To be fair, it’s not the first time that brioche has been called cake.

That famous quip attributed to the ill-fated Marie Antoinette, “qu’ils mangent de la brioche,” is most often translated to great dramatic effect as “let them eat cake.”

Brioche

Brioche - is it bread or is it cake?

(image from Flickr member Arnold Inuyaki licensed under Creative Commons)

It seems that the Revenue Commissioners, in what they are calling a ‘clarification’ of the current VAT rules, have decided that brioche might as well be cake, because it will now attract VAT, as cakes do, at 13.5%, whereas previously it would have been classified along with bread, which escapes the VAT net. And it’s not just brioche: other items, such as croissants, bagels and even garlic bread are no longer sufficiently bread-like to qualify for zero VAT status. Really.

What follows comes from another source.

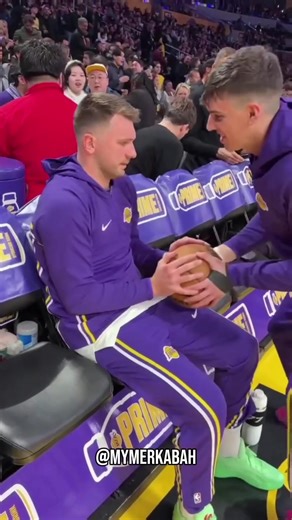 How many in a row can Luka Dončić make from the bench?! 👀 Absolutely amazing 😮🔥 We NEED a Stephen Curry vs Luka game of HORSE ASAP 🐎🏀 #LukaDoncic #StephenCurry #NBA #NBABasketball #BasketballReels #Hoops #BasketballHighlights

Irish Food And Drink Industry Awards 2011

This came to my attention as I was leaving the hallowed halls of Trinity College, which had been the venue for the Bord Bia Irish Food & Drink Industry Awards last week. I happened upon Suzanne Campbell, who was discussing the issue and how it would hit small bakery businesses, with William Despard of the Bretzel Bakery (he who had made such an impression at the recent Savour Kilkenny Foodcamp). William was understandably exercised about the VAT hike.